Cid → particle — essentially done

  • radio: 24 Cid are all external IPFS/iroh CIDs (the cid crate, CAR format). KEEP, qualified — not cyber identities.
  • cyber: already migrated (the rename was applied across eight repos). ~0 left.

U32 → Word — trident surface only

~92 surface sites (ast/syntax/typecheck/lsp) → Word; ~14 lowering sites (ir/cost) keep U32 (Triton's name); Digest (~115) stays at the target boundary.

polish (not blocking)

  • cybergraph specs use "edge" in prose (~20) where cyberlink is meant; code is correct — standardise the prose.
  • cyber research files (polynomial nouns.md, bootstrap.md) still say noun — historical; sweep with the rest.
  • particle (identity) vs name (mutable label) is respected everywhere (whitepaper: "names are metadata, the hash is the truth"). no fix.

two kinds of change — keep them apart

  1. renames — safe, mechanical, compile-checked. Cross-repo but reversible; a rename never changes a hash.
  2. identity-affecting — tag-free encoding, data[8] framing drop, capacity changes, hemera mode removal. These change every particle and every conformance fingerprint. They are a one-time hard fork of identity and MUST land together in a single epoch, then re-baseline conformance once.
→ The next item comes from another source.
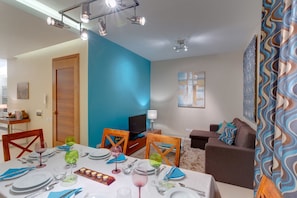 Departamento (2 Bedrooms) | Sala de estar | Televisión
Do all of (1) first; it stabilises the vocabulary with zero identity risk. Then do (2) as one coordinated epoch.

repos touched

nox, hemera, zheng, bbg, tape, trident, inf, cybergraph, radio, mudra, conformance, soft3. (cyber graph docs reference the terms but rebuild from the specs.)

phases

Phase 0 — freeze the names (no code)

Sign off the renames table and the two open names already chosen (data, pair). Nothing builds until this is fixed — every later phase depends on it. Gate: author approval of terms.md.
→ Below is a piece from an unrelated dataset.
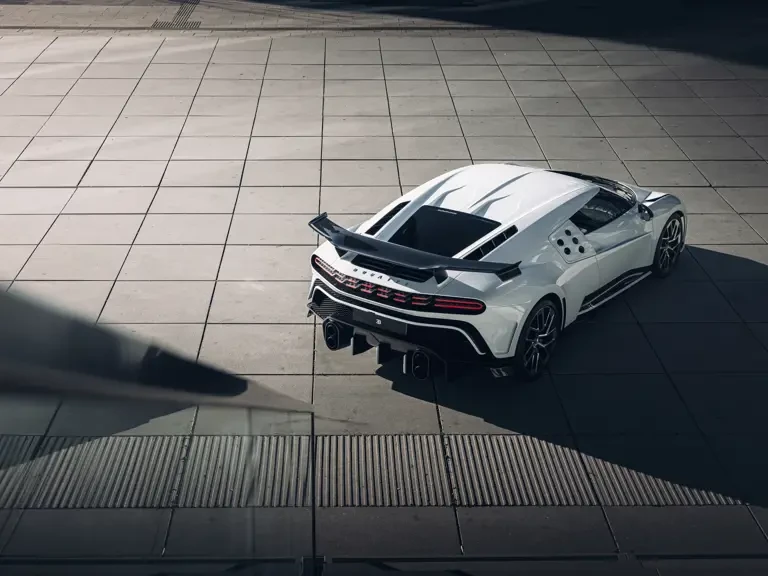 2022 Bugatti Chiron - Image 3 of 31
Phase 1 — spec sweep (docs only, no build risk) ✓ nox DONE

Update every .md spec to the new vocabulary, spec-before-code. Per repo, independent, parallelisable by directory:

  • nox ✓: specs/noun/ renamed to specs/data/ (dir + content); encoding.md, reduction.md, vm.md, trace.md, object.md, all patterns/, jets*, README swept. Model B adopted; capacity[14] drift fixed in data/hash.md; tag.md deleted. NounId → particle where it meant content identity (trace), → OrderId where it meant the arena index (order.md). no noun/cell/NounId left except the order.hash_noun code-method ref (trace.md:500) and the Field/Word atom typing language (Phase 6).
  • hemera: noun/hash.md callers, capacity docs; land one-pure-hash.md’s lane layout into the reference. (pending)
  • inf, trident reference/, cybergraph specs/: vocabulary only. (pending)

Verify: each repo’s docs read consistently; no noun/cell/Cid/NounId left except where quoting history.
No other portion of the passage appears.